Facebook first announced its intention to buy the firm in April, but it was put under scrutiny by the Office of Fair Trading (OFT) over concerns it could restrict the ability for other services to compete with Instagram.
However, on Tuesday it confirmed its intention not to refer the merger to wider authorities, giving Facebook the go ahead for the deal.
"The OFT has decided, on the information currently available to it, not to refer this merger to the Competition Commission under the provisions of the Enterprise Act 2002," the trading standards body said in a statement on its website.
A spokesman for the OFT told V3 that having reviewed the case it was confident there was no risk of consumers being negatively affected by the deal.
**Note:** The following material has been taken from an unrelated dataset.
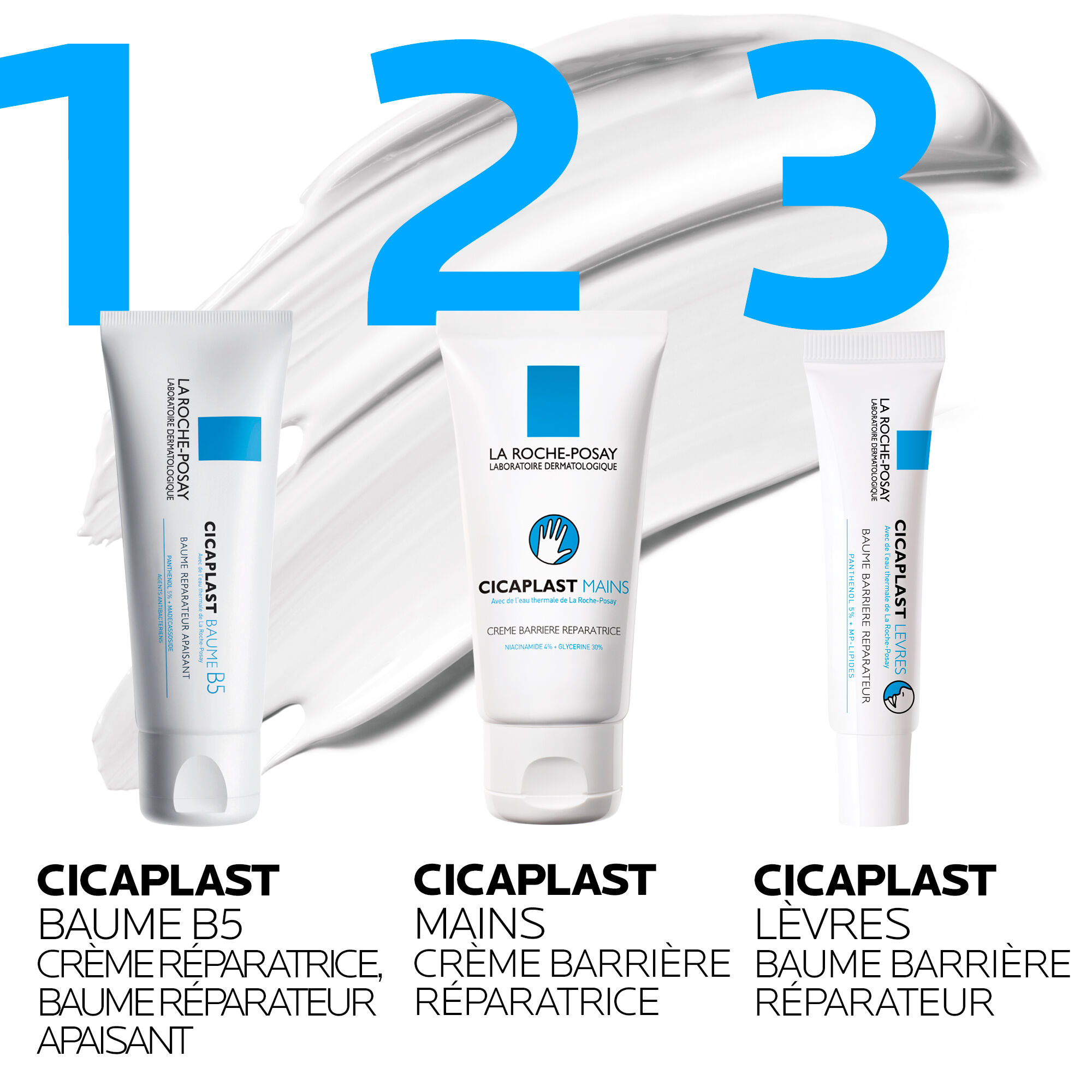3337875766326_Cicaplast-Baume-Hand-Cream_100ml_04_La-Roche-Posay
"We were looking into whether the merger may result in the merging parties limiting people from using other photo apps on Facebook, or whether it would put limits on the use of Instagram [images] being uploaded to other social networking sites," he said.
"One of the conclusions we came to was that, while the parties may have the technical ability to do that, the evidence we received doesn't suggest the parties would have the incentive to pursue that strategy."
The OFT said it would place a copy of the report into the deal on its website in the near future.
Facebook made the move to acquire Instagram in order to stop the service becoming a rival to its own photo sharing capabilities, which are a core reason many people use the social network.
The decision is good news for Facebook, which has suffered a series of setbacks in recent months after its somewhat disastrous flotation on the stock market which has seen its share price slump to as low as $20. However, the social network is still waiting to see if the Federal Trade Commission (FTC) in the US will give it the green light.